→ ACTION ITEM:
Strip the pictures, then copy the remaining data exactly as it stands.

→ DATA EXCERPT:

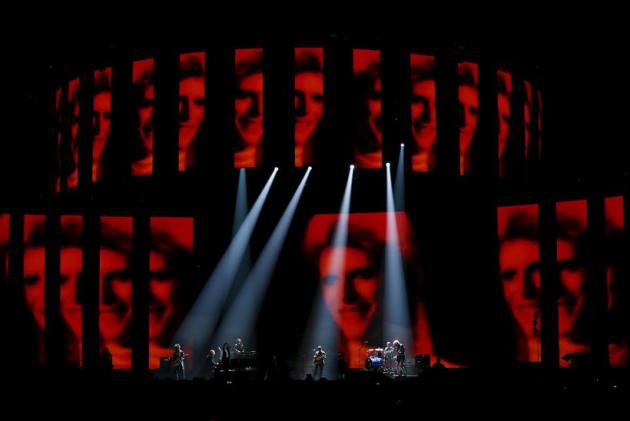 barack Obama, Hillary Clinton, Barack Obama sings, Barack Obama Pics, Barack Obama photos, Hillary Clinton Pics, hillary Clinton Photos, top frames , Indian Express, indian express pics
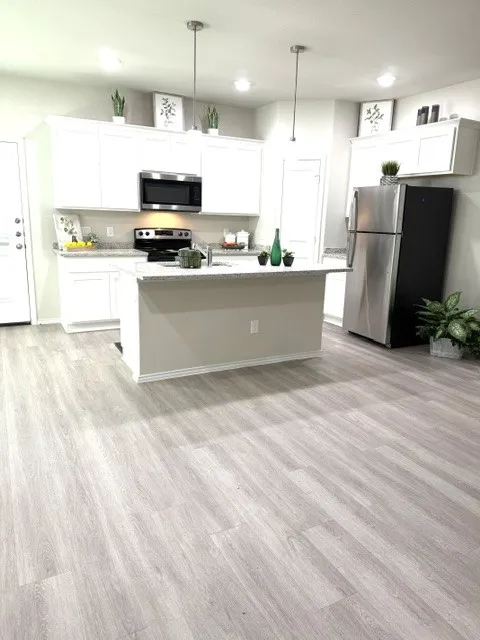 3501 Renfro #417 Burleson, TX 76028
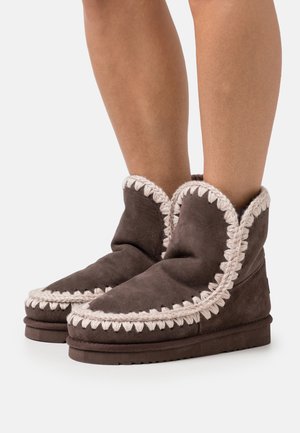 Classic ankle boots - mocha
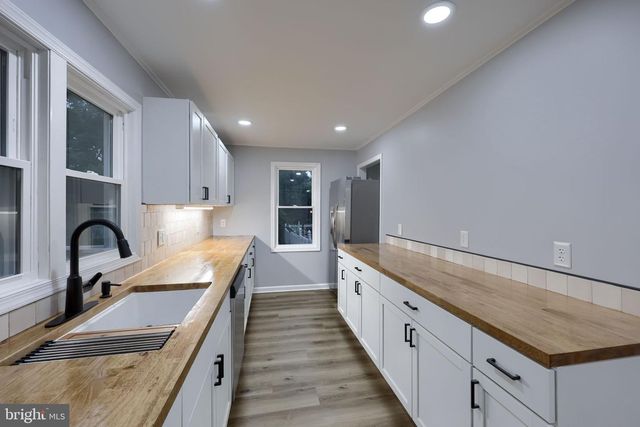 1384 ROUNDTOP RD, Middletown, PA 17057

→ FINISHED EXERCISE:
 barack Obama, Hillary Clinton, Barack Obama sings, Barack Obama Pics, Barack Obama photos, Hillary Clinton Pics, hillary Clinton Photos, top frames , Indian Express, indian express pics
 3501 Renfro #417 Burleson, TX 76028
 Classic ankle boots - mocha
 1384 ROUNDTOP RD, Middletown, PA 17057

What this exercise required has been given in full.